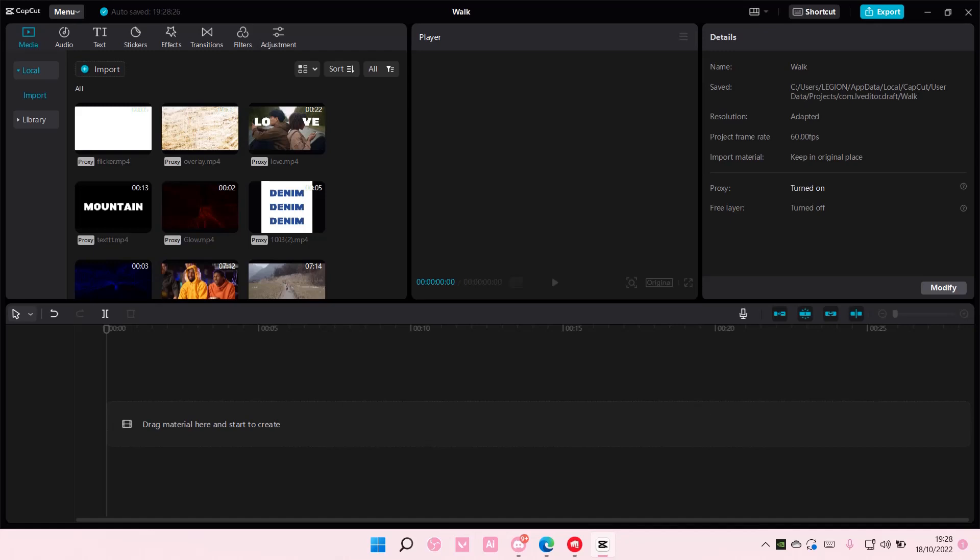Hey guys, and welcome back to this channel. In this video, I'll be showing you guys how you can make a reverse edit on CapCut PC.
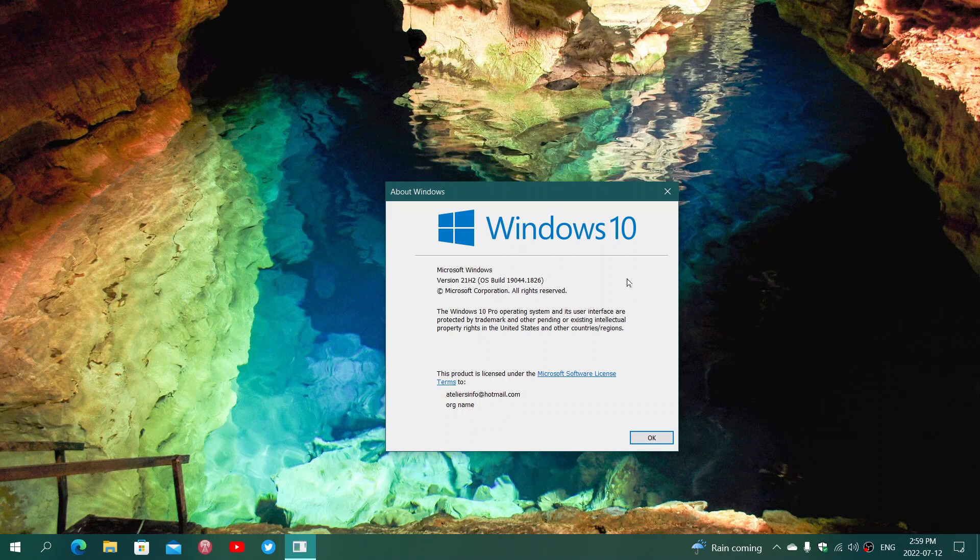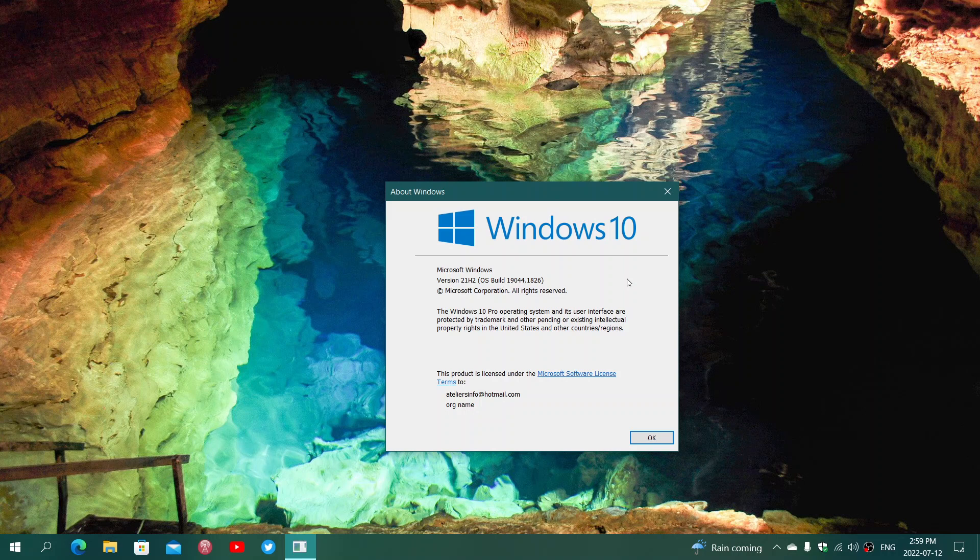In the meantime what I would suggest is do try to download the Patch Tuesday update through the Microsoft update catalog and see if a manual install works - maybe it will. And if it doesn't, we'll see how to get around this and try to fix it. So I'll be checking that out.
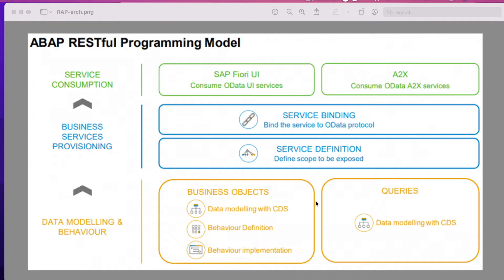So first, what is data modeling? If we want to create any application, the source point will be a database table where actual data is stored. If you could see here, there are two sections — one is business object and another is query — where common data modeling is based on CDS views.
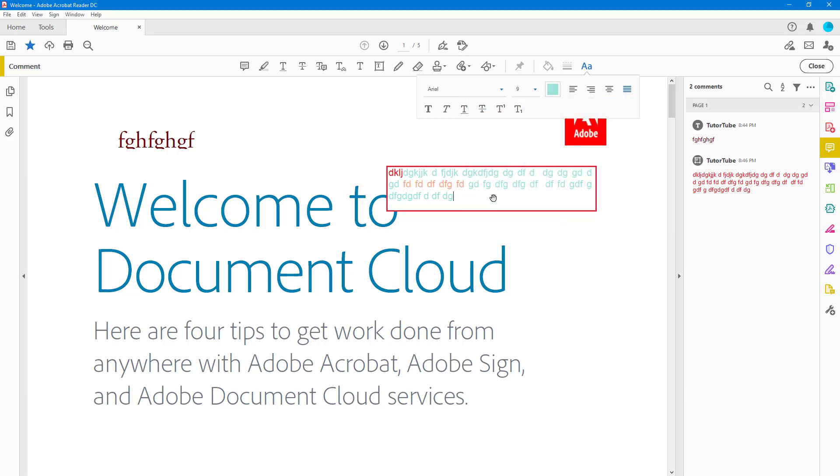And that is how you can add the text box comment and work with it inside of Adobe Acrobat Reader. So if you guys learn something, as always, please like, comment, share and subscribe.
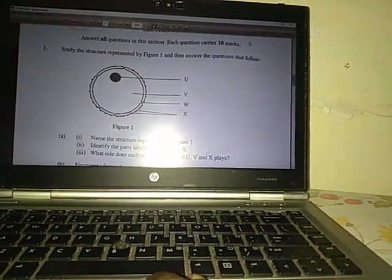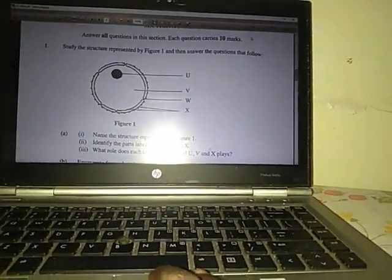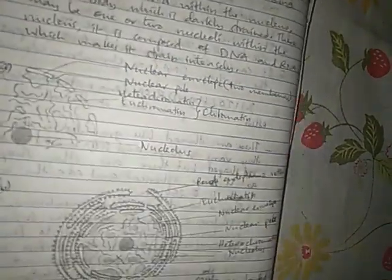As you can see here, there are nuclear pores labeled as W. Then there is the nucleolus labeled as U. We have nucleoplasm labeled as V, and then you have nuclear membranes labeled as X. As you are asked to label the structures, that's why I showed you the labeling of the structures here. This is the diagram of the nucleus in my notes.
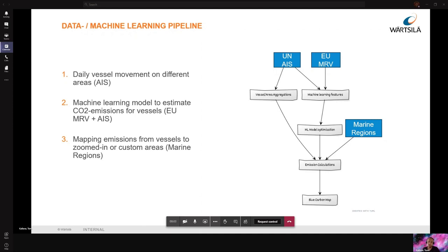For the future, there's a lot of potential to make more accurate estimations by incorporating more datasets and tweaking the model or combining different approaches in emission calculations. Making these estimations publicly available to people would be really valuable. Also, the possibility to look at results from different angles — for example, per vessel type — would be an interesting future development.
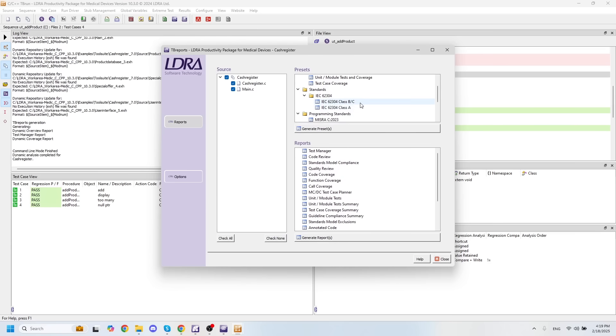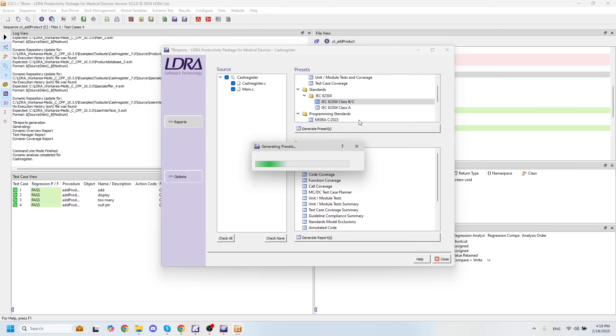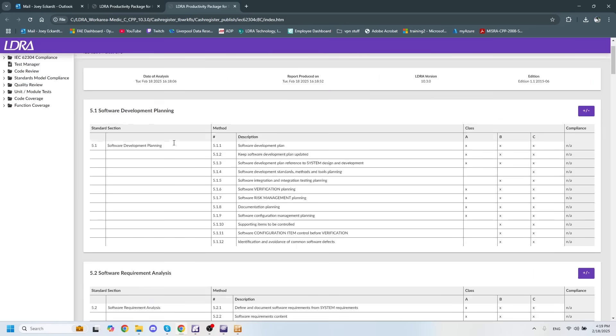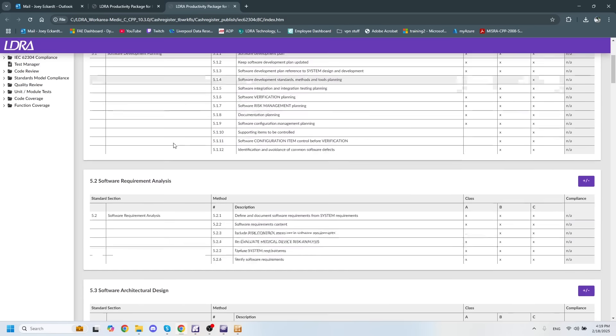If I open up the report for the IEC 62304 classes B and C, we can see that it gives us a bunch of different information that will help us gain compliance with this standard. First of all, we have our software development planning section.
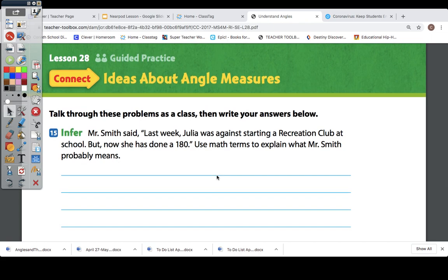Let's try this one. Mr. Smith said last week Julia was against starting a recreation club at school, but now she has done a 180. Use math terms to explain what Mr. Smith probably means. Think about a 180-degree angle — the two rays extend in opposite directions. So Mr. Smith is saying that Julia started with one opinion but then changed her mind to the opposite opinion.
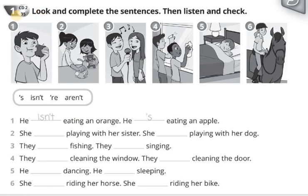Activity book. Page 45. Exercise 1. Look and complete the sentences. Then listen and check.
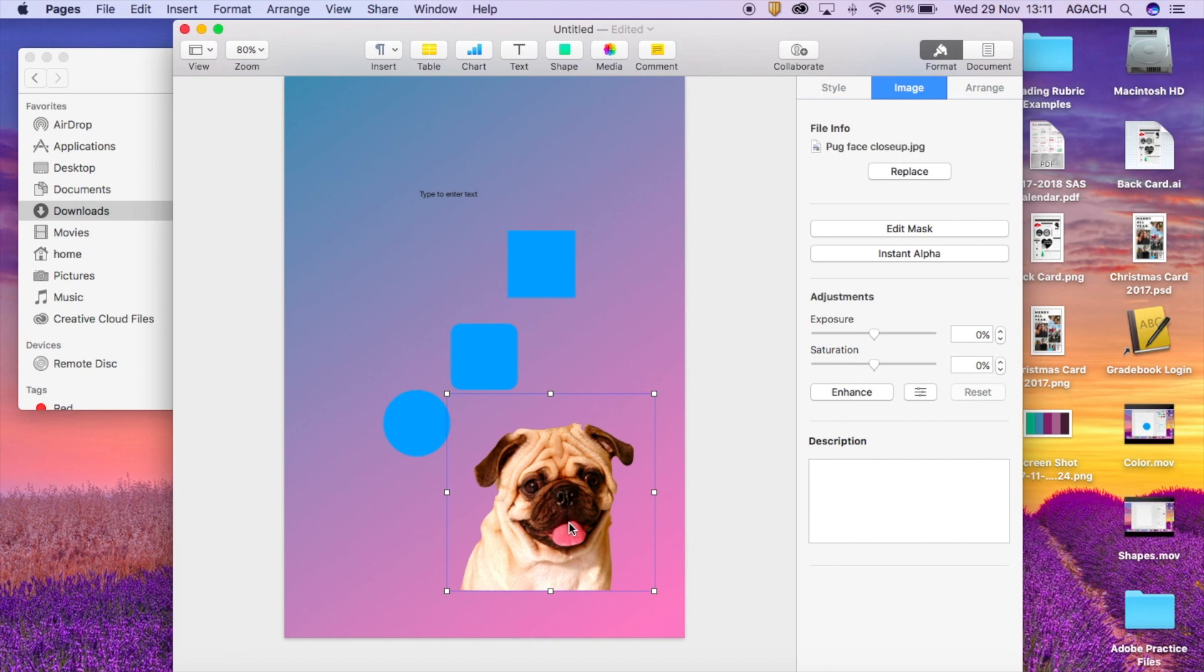So those are just some tools that you can use with your layout and alignment in Pages for your minimalist poster. Let me know if you have any questions.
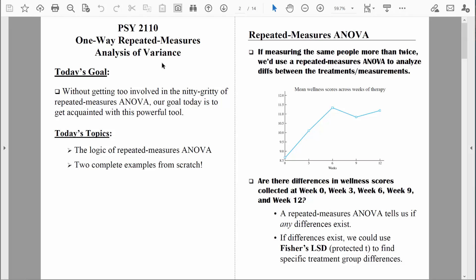Welcome back everybody. Let's begin a new chapter of our course. We're going to talk about the one-way repeated measures analysis of variance. I like to see it as a subset of the one-way analysis of variance we already learned. In this video I'm going to discuss the basic logic of the repeated measures ANOVA, and then in the next couple of videos I'm going to do two complete examples from scratch.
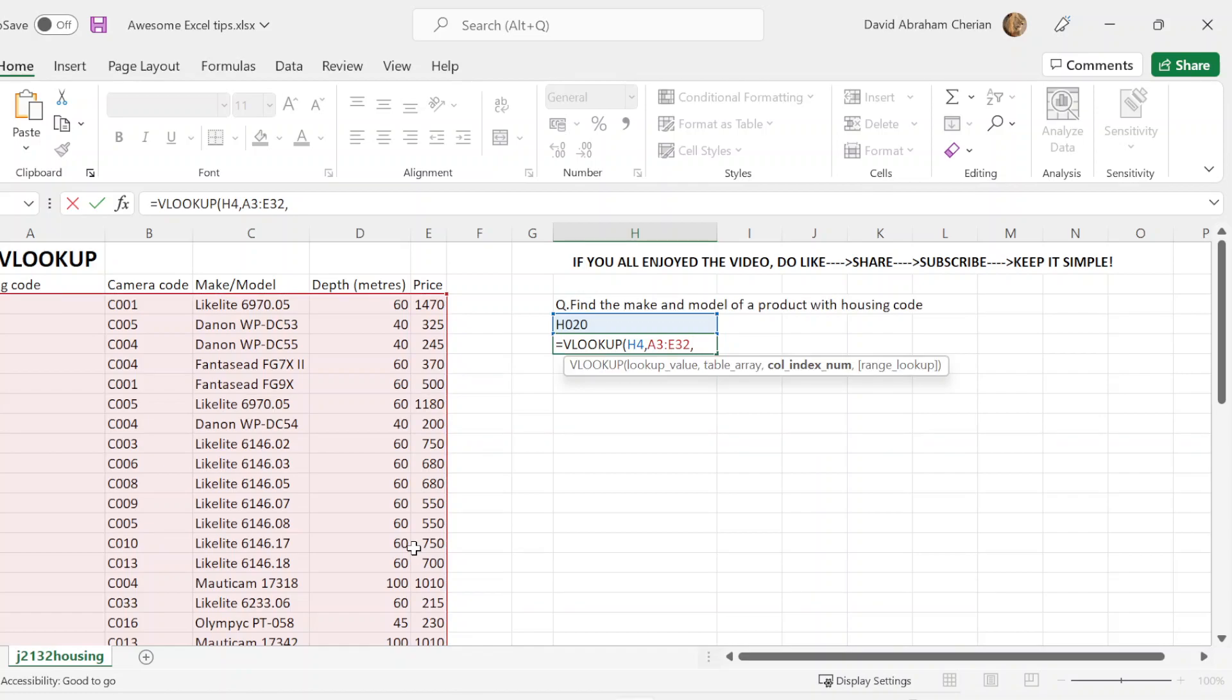Now you have a column index number. The good thing about Excel is that it lists down what criteria you need to put in order to find this value in this certain type of table. So the column index number is where you're going to return the value in the cell. In this case, we have to find the make and model for the code H020.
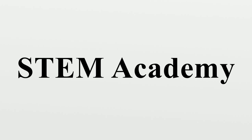STEM Academy at Liverpool High School in Liverpool, New York. STEM Academy at Stony Point High School in Round Rock, Texas.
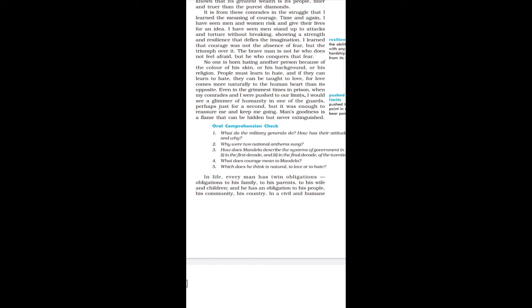Time and again I have seen men and women risk and give their lives for an idea. Time and again I have seen that people have put their lives in risk or give their lives only for an idea. What is the idea of freedom? So people have put their lives in risk.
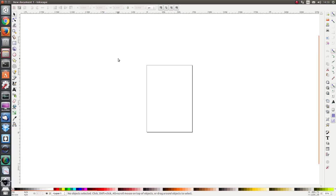Hello everybody and welcome to the next lesson. In this lesson we are going to learn about the filter editor. The filter editor is what we can use to either modify a preset filter or to make our own filter from scratch.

++++

## Requirement
Working from the records above, reproduce exactly the lines from the one with "Welcome back everybody." through the last line, without the pictures.

## Problem solution
Welcome back everybody. Let's begin a new chapter of our course. We're going to talk about the one-way repeated measures analysis of variance. I like to see it as a subset of the one-way analysis of variance we already learned. In this video I'm going to discuss the basic logic of the repeated measures ANOVA, and then in the next couple of videos I'm going to do two complete examples from scratch.
Now you have a column index number. The good thing about Excel is that it lists down what criteria you need to put in order to find this value in this certain type of table. So the column index number is where you're going to return the value in the cell. In this case, we have to find the make and model for the code H020.
STEM Academy at Liverpool High School in Liverpool, New York. STEM Academy at Stony Point High School in Round Rock, Texas.
Time and again I have seen men and women risk and give their lives for an idea. Time and again I have seen that people have put their lives in risk or give their lives only for an idea. What is the idea of freedom? So people have put their lives in risk.
Hello everybody and welcome to the next lesson. In this lesson we are going to learn about the filter editor. The filter editor is what we can use to either modify a preset filter or to make our own filter from scratch.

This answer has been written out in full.